Transformations of Consciousness: CONVENTIONAL AND CONTEMPLATIVE PERSPECTIVES ON DEVELOPMENTby Ken Wilber, Jack Engler and Daniel P. Brown (New Science Library, Shambhala: $29.95, hardcover; $14.95, paperback; 305 pp., illustrated)
Let these words play in your imagination for a while and notice how they lure you from the commonplace: “ultimate values . . . peak experiences . . . ecstasy . . . mystical experiences . . . awe . . . self actualization . . . wonder . . . transcendence of the self . . . cosmic awareness . . . maximal sensory awareness . . . bliss . . . maximum interpersonal encounter . . . sacralization of everyday life . . . .”
Those words were extracted from a definition of the concerns of transpersonal psychology, expressed by one of its founders, Tony Sutich, back in the 1960s. In May, 1986, the definition appeared in the midst of an academic brouhaha reported in the American Psychological Assn.’s publication, Monitor. Transpersonal psychology, controversial since its inception nearly a generation ago, is concerned with the spiritual as well as the emotional aspects of human development. The current confrontation is centered on whether transpersonal psychology has moved far enough into the mainstream to receive official status as a division of the American Psychological Assn.
At this critical moment comes the publication of a book by some key proponents of transpersonal psychology. In “Transformations of Consciousness,” no time is wasted on defense attitudes; a positive, assertive approach is taken from the start. “All of the authors of this volume share the belief that a more comprehensive and integrated view of human development can be achieved if both of these major traditions, conventional and contemplative, can be brought together in a mutually enriching fashion.”
Serious scholars who are drawn to the study of transpersonal psychology will find a compilation of useful information in these esoteric essays by six experts--most of whom either graduated from Harvard Medical School or teach there.
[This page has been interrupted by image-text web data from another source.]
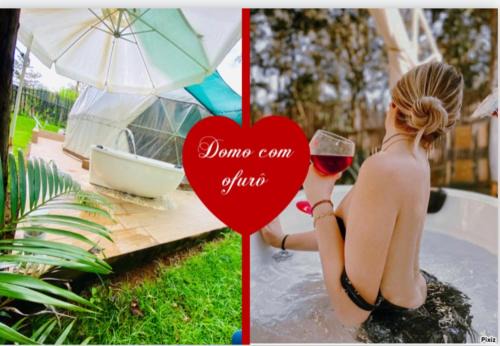 Aconchego no Domo BANHEIRA com AQUECIMENTO 7,5km centro Águas de Lindoia com COM CAFÉ, internet Starlink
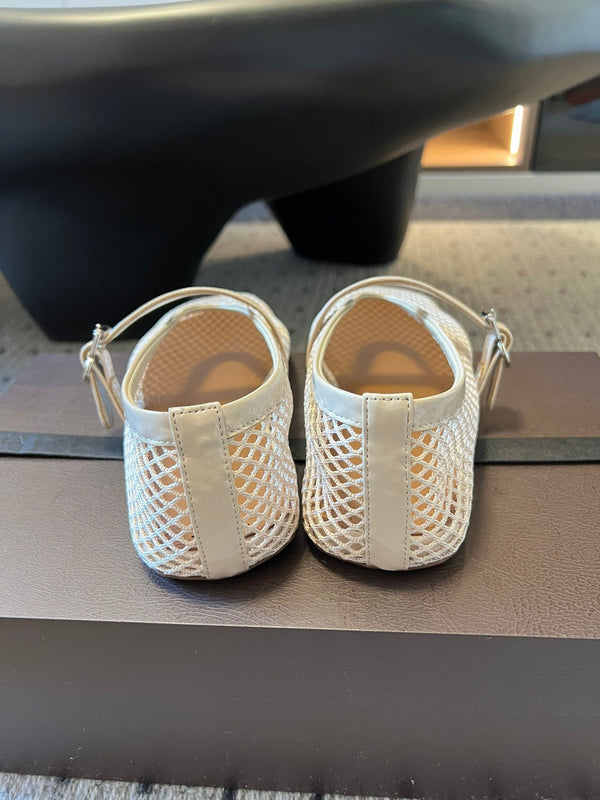 Alaia 25 Women's Ballet Flat Nude Sheepskin 303704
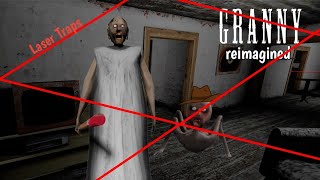 Granny Reimagined In Extreme Mode With Slendrina Child And Laser Traps Granny Gameplay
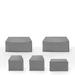 Rebrilliant Furniture Outdoor Water Resistant Conversation Set Cover in Gray | 77.5 H x 127.5 W x 102.5 D in | Wayfair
All but two of the chapters in this book were published in the “Journal of Transpersonal Psychology.” The journal (therefore the book, as well) is directed toward “psychologists, psychiatrists, philosophers, theologians, and laypersons interested in the fascinating interface between psychology and spirituality, and between clinical and contemplative perspectives.” Focusing on what Jack Engler and Ken Wilber call a “full-spectrum model” of human development, “Transformations of Consciousness” emphasizes that there is much these major schools of development need to learn from each other, and what is presented here is a study across boundaries.
The curious layperson who ventures, unprepared, into these pages will have some difficulties: It is presumed that you not only know your Freud and your Jung but also that you are familiar with Buddhist philosophy, Christian mysticism--and if you can read Greek, it wouldn’t hurt. Frequent references to the works of other writers are appropriately inserted into the text in a scholarly work, but some readers may find that 12 sets of parentheses on a given page can be as irritating as the bumps that are placed in the parking lots of shopping centers in an effort to slow you down.
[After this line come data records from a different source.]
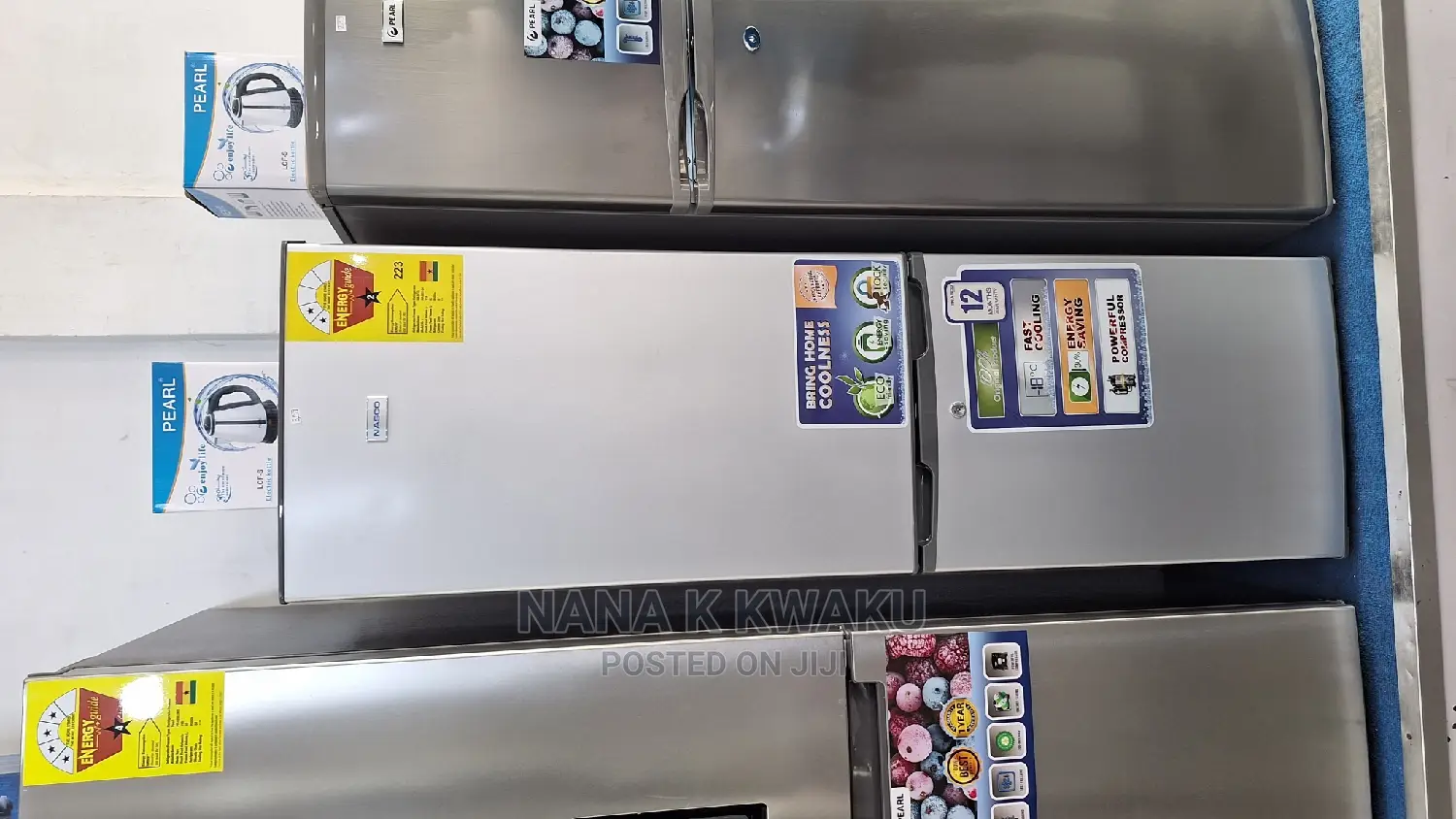 200litres_nasco Nasd2-24 Double Door Fridge
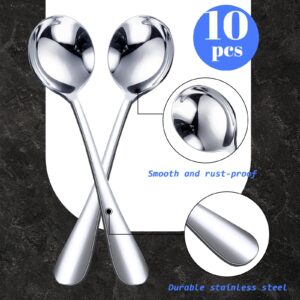 HANSGO 10PCS Mini Coffee Spoons, 4.6 Inch Demitasse Espresso Spoons Small Stainless Steel Tea Spoon for Cake Ice Cream Dessert Food Sample Cocktail Hour Party Favor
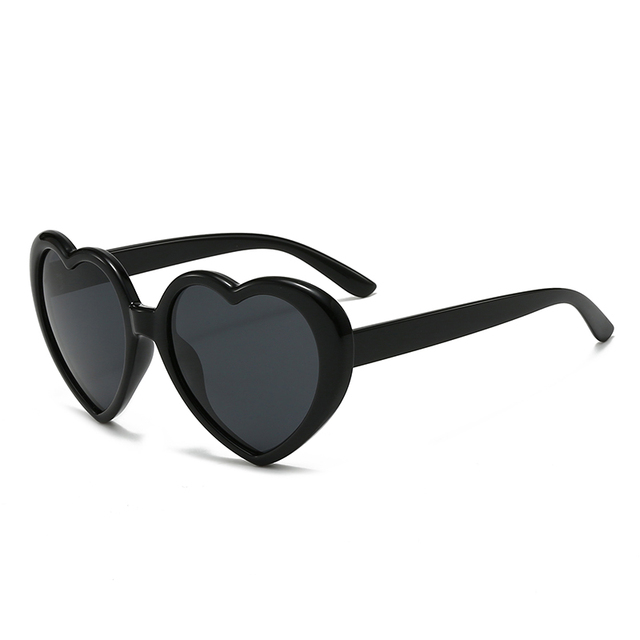 2026 Trendy Love Heart Shaped Polarized Sunglasses Fashion Retro UV400 Protection Unisex Eyewear Bulk Wholesale Custom Logo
The authors’ decision that this book should focus exclusively on clinical theory and should avoid the reporting of case histories disappointed this reader. The consistent tone of cool intellectualism tends to chill the enthusiasm after a chapter or three or four. This book is like a drafty castle--elegant and impressive, but lacking in creature comforts. Since the subject is about the human psyche, the personal touch is missed all the more. There is, however, halfway through the book, an interesting account of individual responses to Rorschachs by advanced meditators, and the last chapter examines the lives of some saints of the Eastern Orthodox Church, but that seems hardly enough. If case histories had been included, they might have provided moments of warmth.
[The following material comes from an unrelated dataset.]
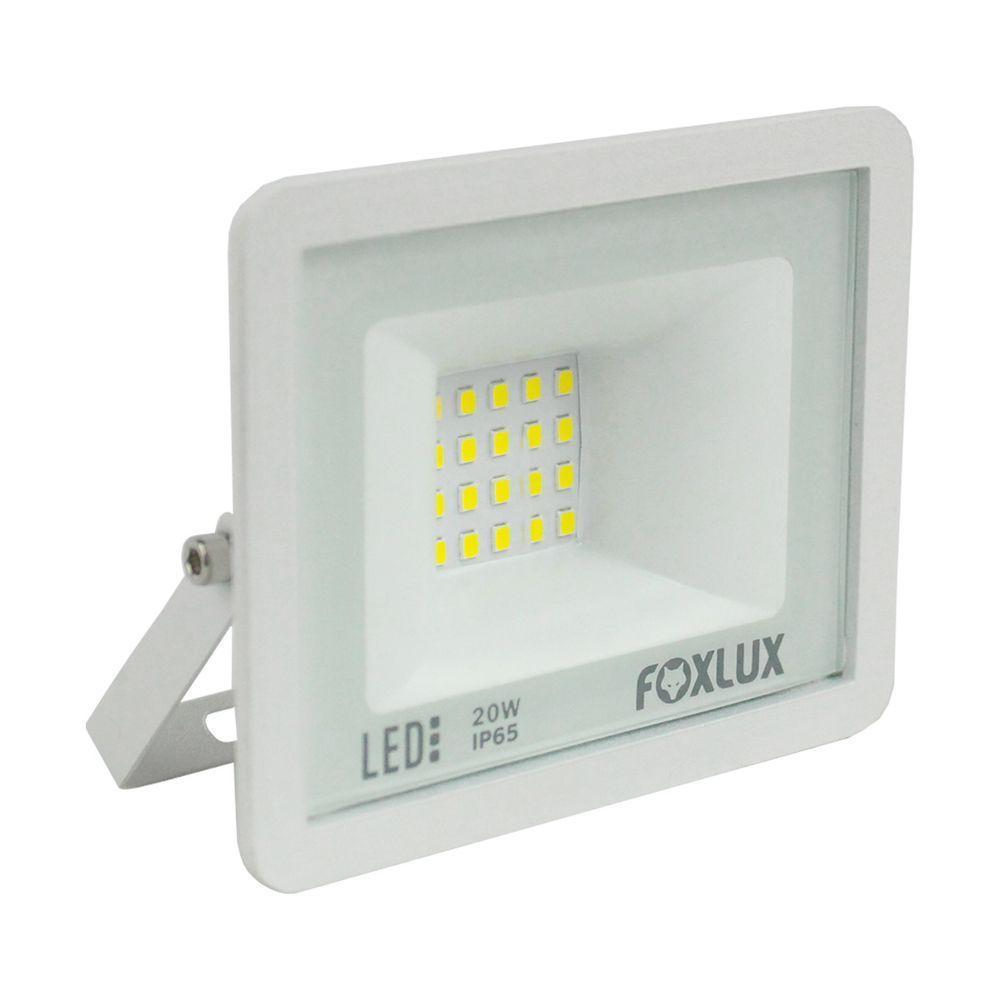 Kit 2 Refletor Led 20w 6500k Branco Bivolt Foxlux - 4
When you think of scientists and philosophers who have captured the attention of a broad readership (Lewis Thomas, Richard Restak, Robert Ornstein, Julian Jaynes, Oliver Sacks, Gary Zukav, etc.), you realize that science is not disserved by the addition of captivating theories or fables--or simply an obvious fascination with the way one word chases another through the labyrinth of an idea.
“Transformation of Consciousness” is a valuable book, reaffirming the importance of spiritual growth and transcendent experiences. But unless you are knowledgeable about this particular field, the price of enlightenment must be paid in tenacity and a willingness to chop through the dense forest of abstract concepts to the meadow that lies beyond.